The study will include 40 patients (20 intervention, 20 observation) with requirement for enteral nutrition at time of inclusion. In the intervention group the maximum possible level of mobilization is carried out and muscles are activated twice a day using neuromuscular electrical stimulation (NMES). The nutrition plan of the intervention group is based on the applicable guidelines for intensive care medicine with exception of increased protein intake. The control group receives therapy without deviating from the standard according of the DGEM guideline.
The study aims to show that the decrease in muscle mass is significantly less than in the control group (primary hypothesis) via ultrasound of the rectus femoris muscle and in case of given consent muscle biopsy. As secondary hypothesis it is examined whether the combination of early high protein intake and muscle activation improves muscle strength and endurance.
Intensive Care Unit Acquired Weakness (ICUAW) describes the clinically diagnosed manifestation of a neuromuscular organ dysfunction. It develops in approximately 40% of all intensive care unit patients amounting to at least 1.2 million patients annually in Germany. All these patients face a broad range of sequeleae and an increased mortality up to 5 years after ICU discharge. A characteristic pathophysiological phenomenon is an early severe muscle atrophy reaching 10% during the first days after ICU admission.
The current preventative and therapeutic approach for ICUAW is a combination of targeted risk factor management as well as early activation of muscles, i.e. neuromuscular electrical stimulation (NMES) and early mobilization as they have been shown to counteract the muscle atrophy and mediate different outcome benefits such as shorter ICU stay.
Nutrition is a key element of our daily life.

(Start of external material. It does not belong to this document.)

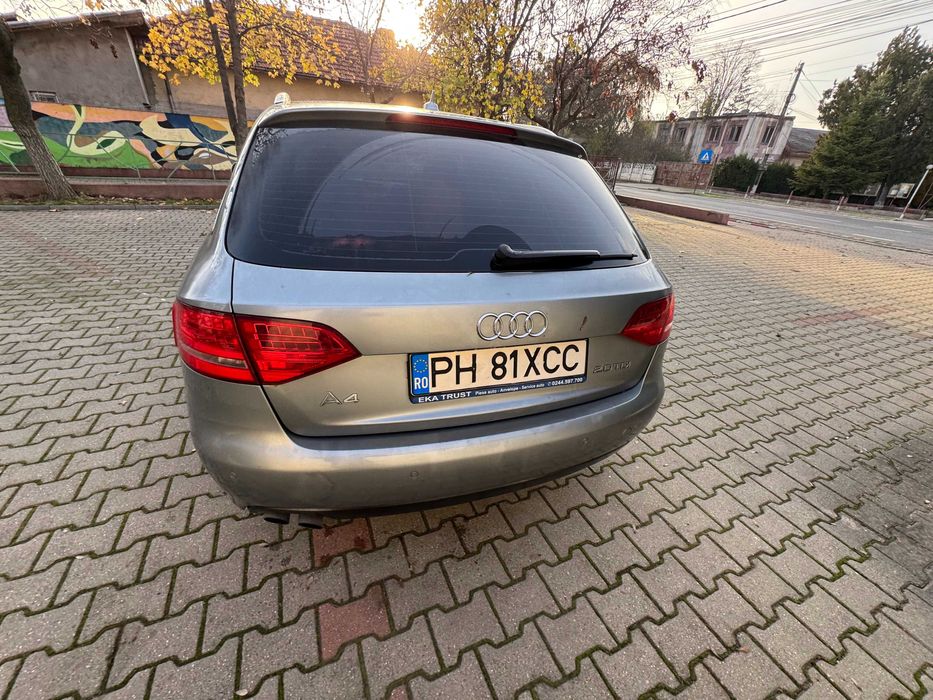 Audi A4 B8 break avariat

Protein intake has been shown to affect lean mass and muscle mass. Research into specific nutritional strategies to treat or prevent ICUAW are scarce and the combination with early muscle activation has not been adequately explored.
The study will include 40 patients (20 intervention, 20 observation) who were admitted to an intensive care unit within the last 48 hours. A basic requirement for inclusion is an indication for enteral (via the gastrointestinal tract) nutrition at time of inclusion. In the intervention group, the ability to mobilize is assessed daily and the maximum possible level of mobilization is carried out and additional muscles are activated twice a day using neuromuscular electrical stimulation (NMES). The nutrition plan of the intervention group is based on the applicable guidelines for intensive care medicine. In this study, protein intake is increased in the interventional group. The control group receives therapy without deviating from the standard according to the SOP and DGEM guideline: "Clinical nutrition in intensive care medicine" 2018.
The study aims to show that the decrease in muscle mass is significantly less than in the control group (primary hypothesis) via ultrasound of the rectus femoris muscle and muscle biopsy. As a second hypothesis it is examined whether the combination of early high protein intake and muscle activation improves muscle strength and endurance compared to the control group.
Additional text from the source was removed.